**What you should do**
Reproduce nothing beyond the line containing "Question 3: how". From the first line of the data below down to it, copy each line exactly, without the pictures.

(Dataset entries)
----
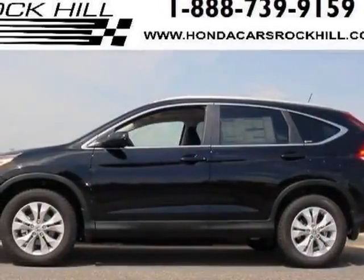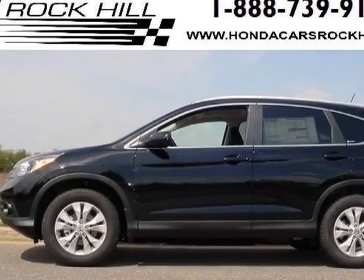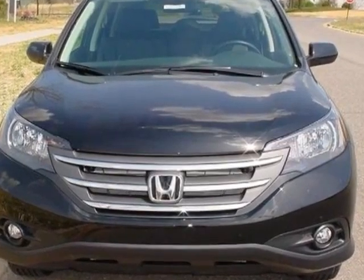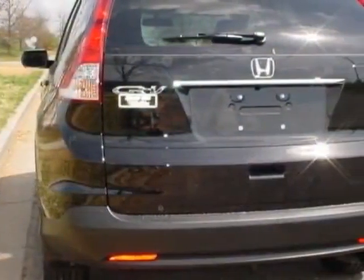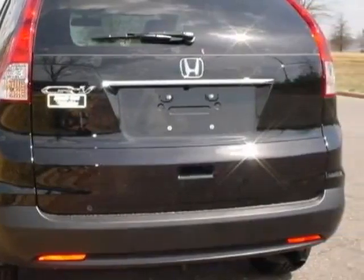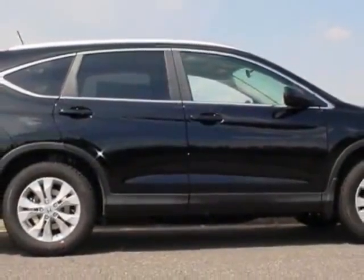Check out this new 2013 Honda CR-V. This vehicle has a full factory warranty and gets an estimated 23 miles per gallon in the city and an estimated 31 on the highway.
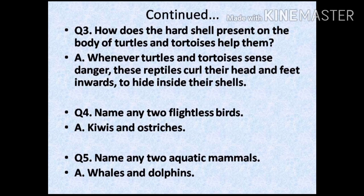Question 3: how does the hard shell present on the body of turtles and tortoises help them? Answer: whenever turtles and tortoises sense danger, these reptiles curl their head and feet inwards to hide inside their shells. Question 4: name any two flightless birds. Answer: kiwis and ostriches.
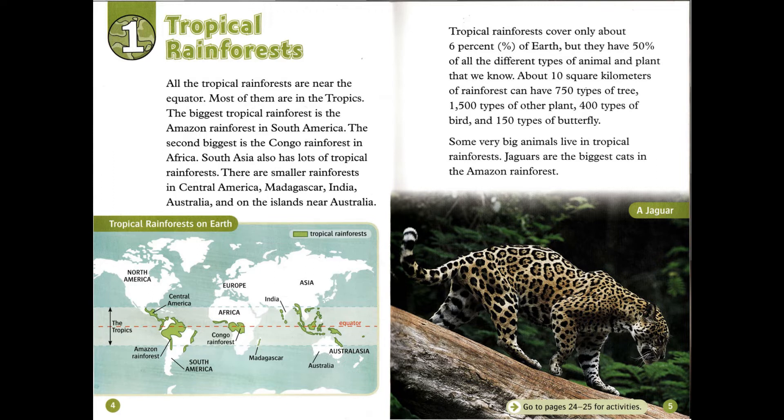Tropical rainforests cover only about 6% of Earth, but they have 50% of all the different types of animal and plant that we know. About 10 square kilometers of rainforest can have 750 types of tree, 1,500 types of other plant, 400 types of bird, and 150 types of butterfly.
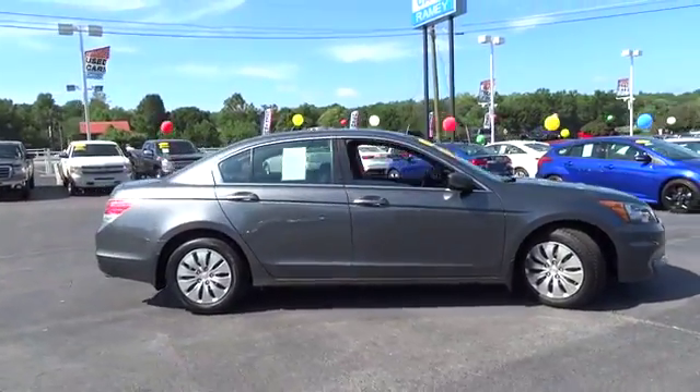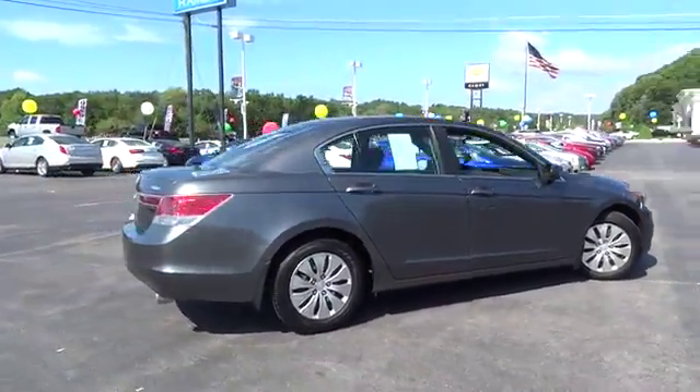This vehicle has less than 15,000 miles. Here are some of this vehicle's great options.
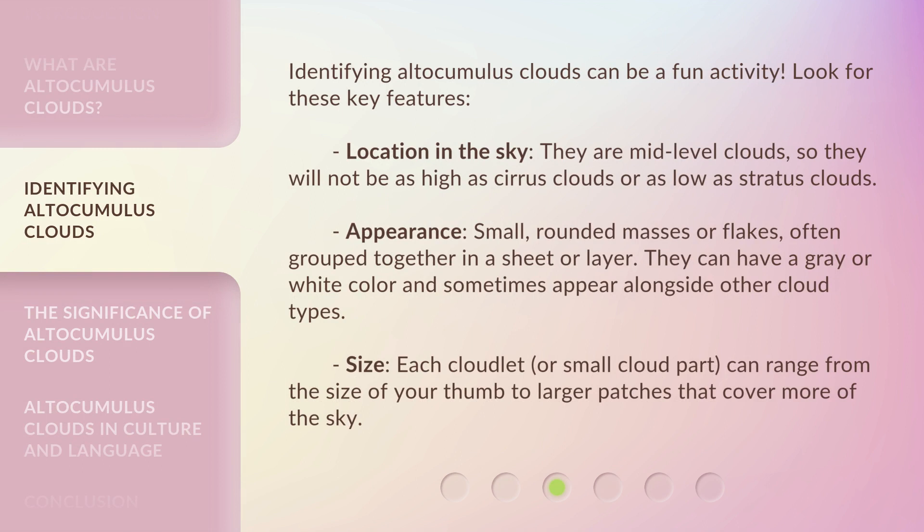Identifying altocumulus clouds can be a fun activity. Look for these key features. Location in the sky: they are mid-level clouds, so they will not be as high as cirrus clouds or as low as stratus clouds. Appearance: small, rounded masses or flakes, often grouped together in a sheet or layer. They can have a gray or white color and sometimes appear alongside other cloud types. Size: each cloudlet, or small cloud part, can range from the size of your thumb to larger patches that cover more of the sky.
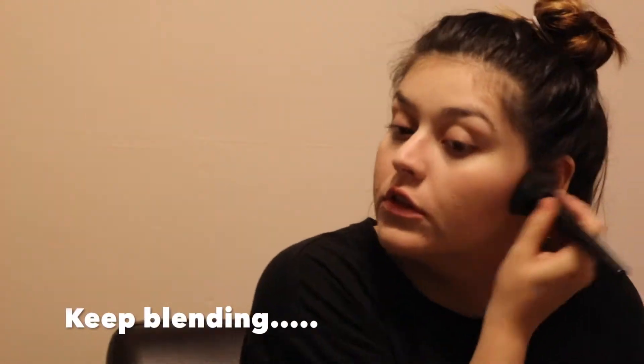I know I'm not the only one who does this. I always keep blending, or if not, it streaks on my face a little bit.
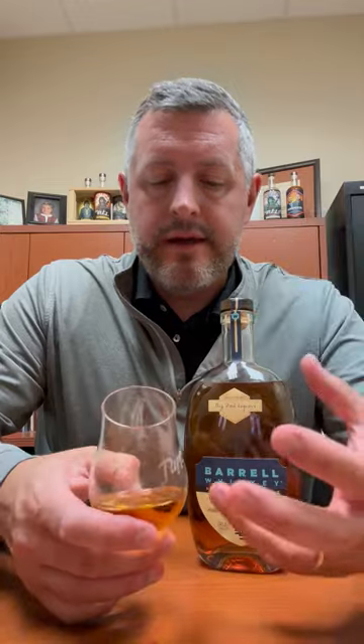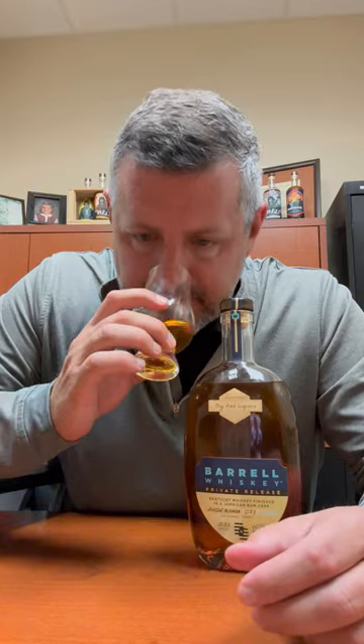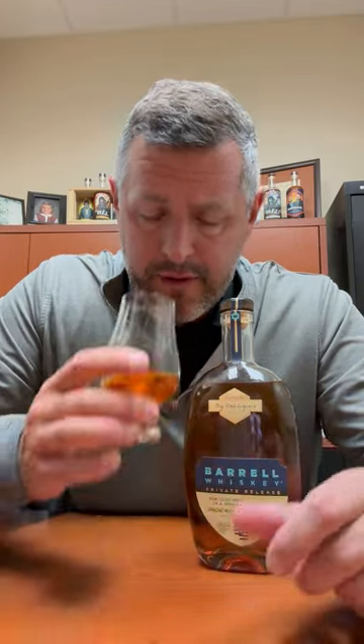Really intense tropical fruit on the nose — banana to start initially, and then kind of mango, papaya. Really strong tropical fruit aroma, not necessarily that Jamaican funk, but definitely very intense tropical fruit. Let's take a sip.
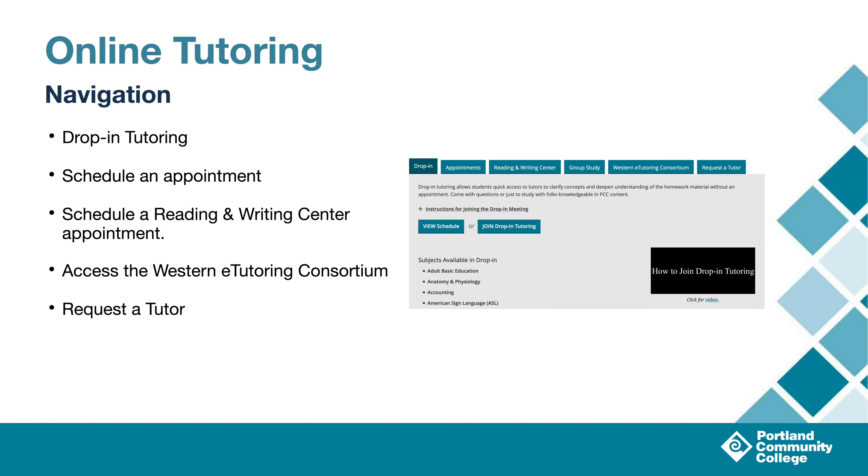I want to show you a bit more about this page, but if you're ever lost and you aren't sure where to go, just click here on the 'Join Drop-In Tutoring' button and you'll be connected to the online tutoring front desk where we will have staff available to answer your questions — just ask, we love to help. This page has a ton of information all in one place, like joining drop-in tutoring, scheduling an appointment, scheduling an appointment with the Reading and Writing Center, accessing the Western eTutoring Consortium, or using Requests to Tutor. Today we're going to focus on how to get to our schedule, so you know when a tutor is available for your class.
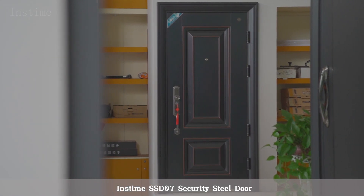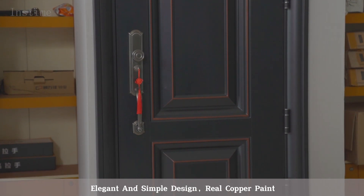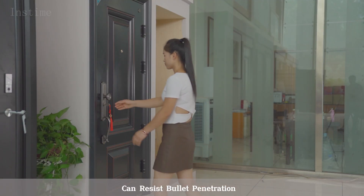Instime SSD 07 Security Steel Door, elegant and simple design, real copper paint. Ultra-thick door leaf made of high-quality steel plate, indestructible, can resist bullet penetration.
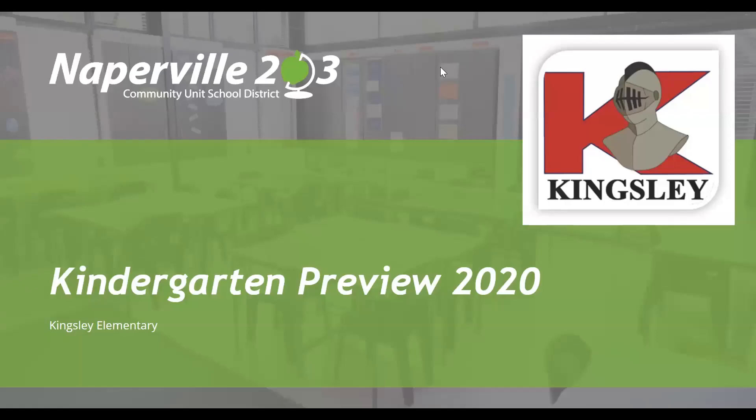Hello, my name is Erin Marker. I'm the principal at Kingsley Elementary School. I look forward to sharing with you a little bit about your child's kindergarten experience starting next year.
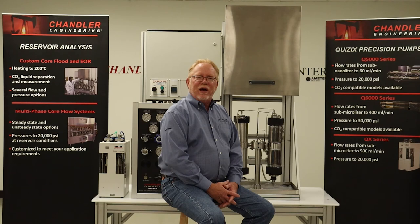Chandler Engineering designs and manufactures a complete line of high-pressure, high-temperature instruments. Performance, quality, safety, and aftermarket support are the cornerstones of our business philosophy.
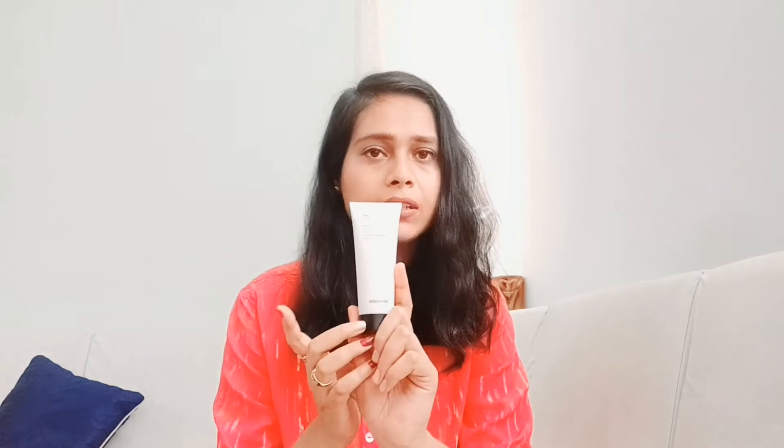On the front side you will get the product name and SPF 50, and behind it you will get the directions for use and composition, so you can read that. Also, whatever you apply on the face, do a patch test because it is really important. I am assuming it is a good product and let's see how it works. If it is good, I will definitely share the review maybe one month later.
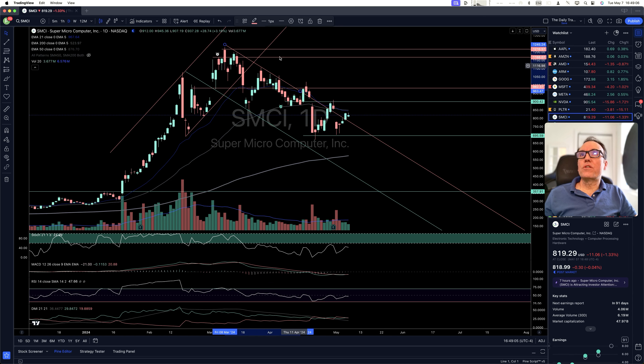SMCI is no longer coming down outside of the bearish channel, but it's still not time to buy.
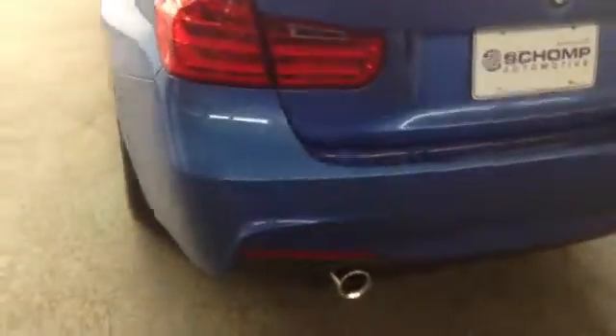We have curb rash. Tires are absolutely excellent. Back bumper — it's got the park distance control. It's just dust. Rear deck lid.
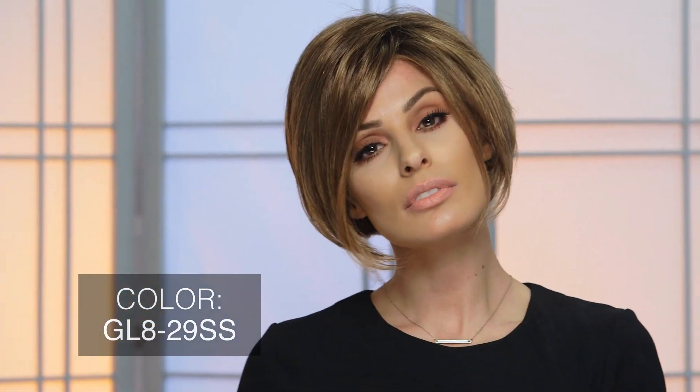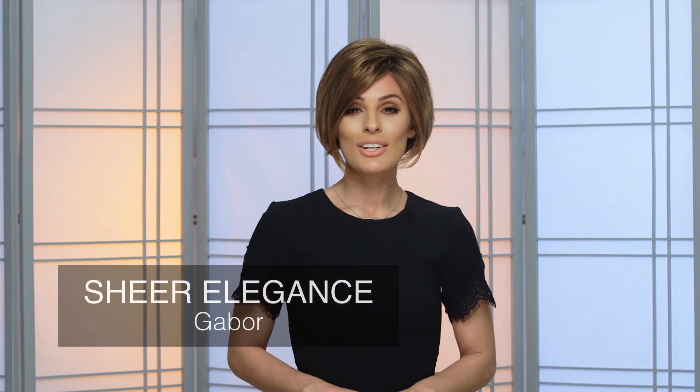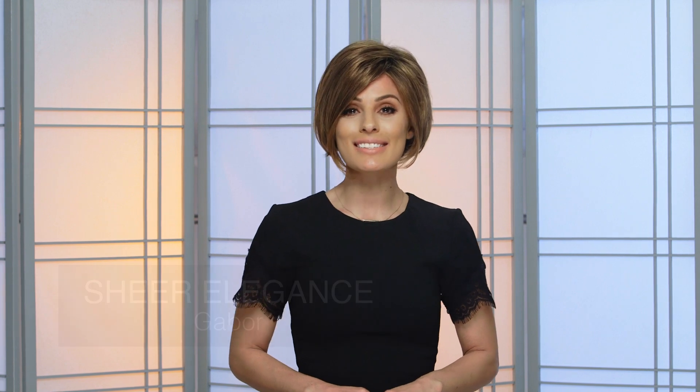GL829SS by Gabor is a combination of coffee brown with soft ginger highlights. This gorgeous tone stems from dark brown roots leaving you with the appearance of a salon fresh rootage. Really want to make a statement? Try this shade on a trendy bob like Sheer Elegance.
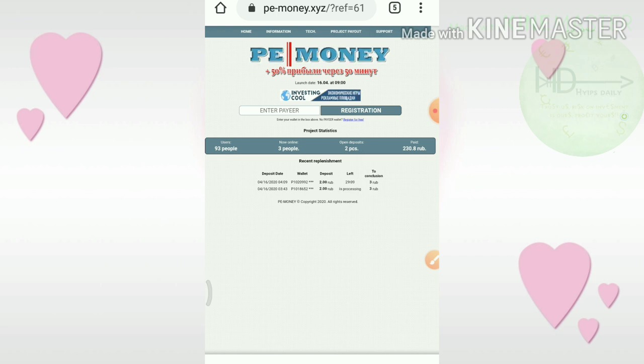Friends, this is the first site we are going to discuss. This site's name is PEMoney.XYZ. This site pays you 50% on your investment within a 50-minute time period.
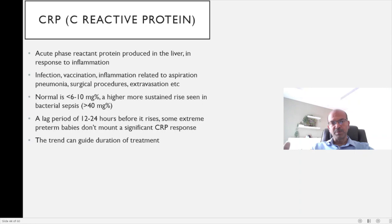You just monitor the culture report and monitor the baby clinically. The clinical response of the baby is more important than the inflammatory marker. Of course, if the CRP doesn't reduce by three to four days, we start thinking more in terms of what we should be doing again.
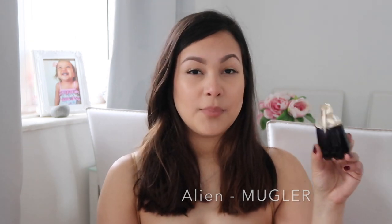My next fragrance is Alien. I used to have the purple bottle, but the lid was broken and it wouldn't spray, so I took it back and they gave me a new lid. The top notes are jasmine sambac, the heart notes are cashmere wood, and the base notes are white amber. This is a really great perfume — it's very strong, it does linger on clothes a lot, and I really love it.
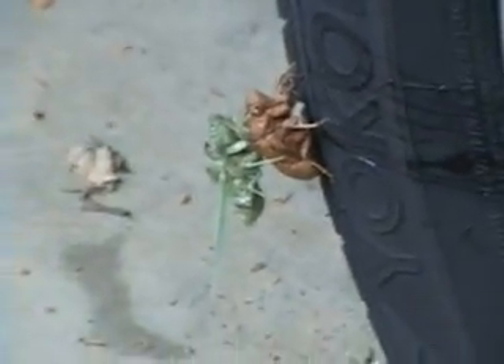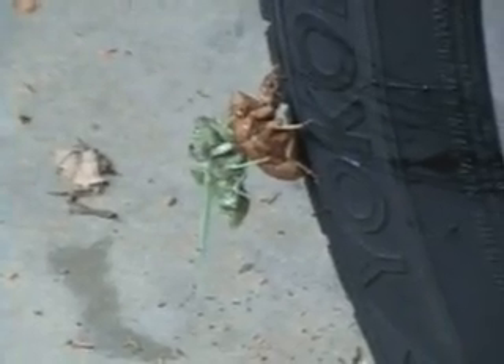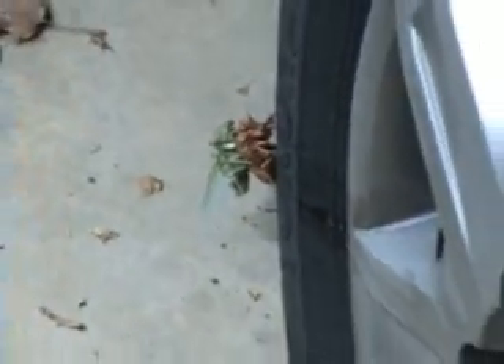I just hope he can get off before I start driving. There's one more view — you can see why when I start driving, he might have a problem.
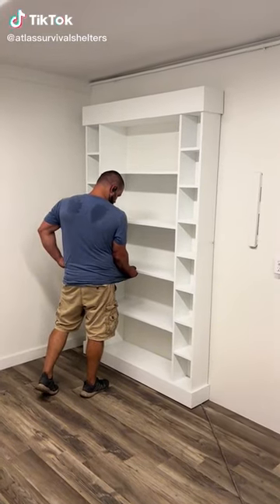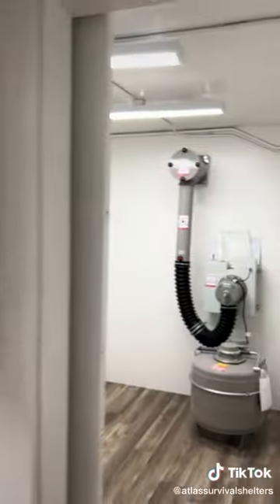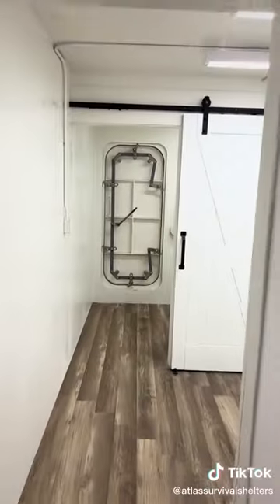We're in one of the Atlas survival shelters. Let's say you're inside this bunker here — they just see a couple bedrooms, kitchen, and bathroom, but there's a secret passage in here. If you don't really see it, I'm going to show it to you. Shower, toilet.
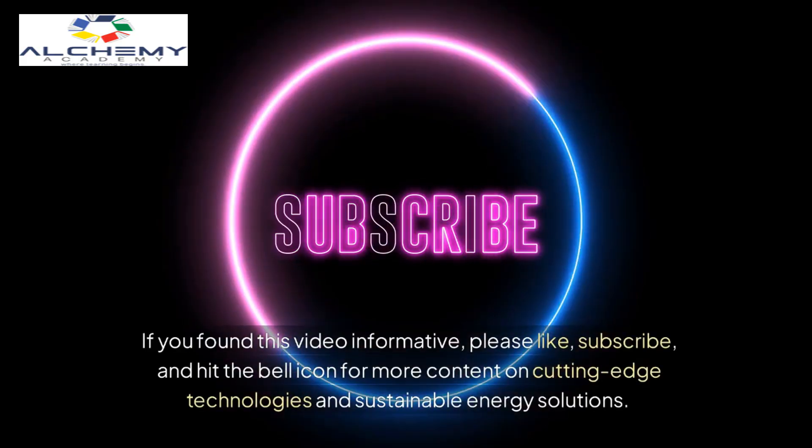Thanks for watching. If you found this video informative, please like, subscribe, and hit the bell icon for more content on cutting-edge technologies and sustainable energy solutions.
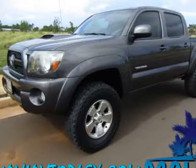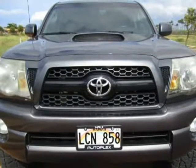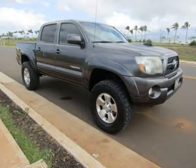This 2011 Toyota Tacoma is brought to you by Maui Autoplex Inc. Crew Cab, 4x4, Manual Transmission, 3" Lift, TRD Off-Road Package, Brand New Mickey Thompson Off-Road Tires, Cold Air Intake and More.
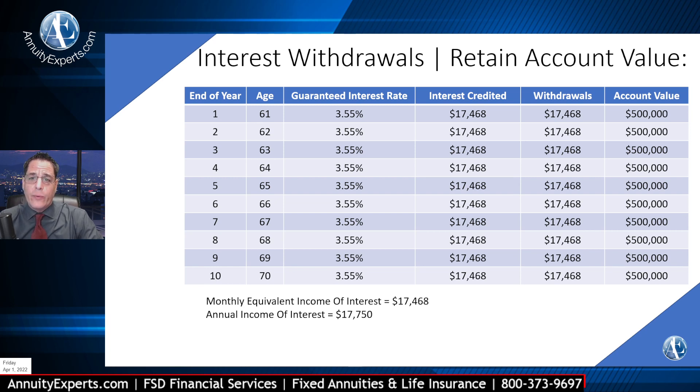This is a monthly equivalent. The actual interest is $17,500. But if you take it monthly, you're not earning interest on that money you took out. So if you waited for the end of the year, you'd get $17,500. Whereas if you strip monthly, it equals approximately $17,468 — a little difference there. As you can see, the monthly equivalent and the annual equivalent.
----
**The answer**
Check out this new 2013 Honda CR-V. This vehicle has a full factory warranty and gets an estimated 23 miles per gallon in the city and an estimated 31 on the highway.
Question 3: how does the hard shell present on the body of turtles and tortoises help them? Answer: whenever turtles and tortoises sense danger, these reptiles curl their head and feet inwards to hide inside their shells. Question 4: name any two flightless birds. Answer: kiwis and ostriches.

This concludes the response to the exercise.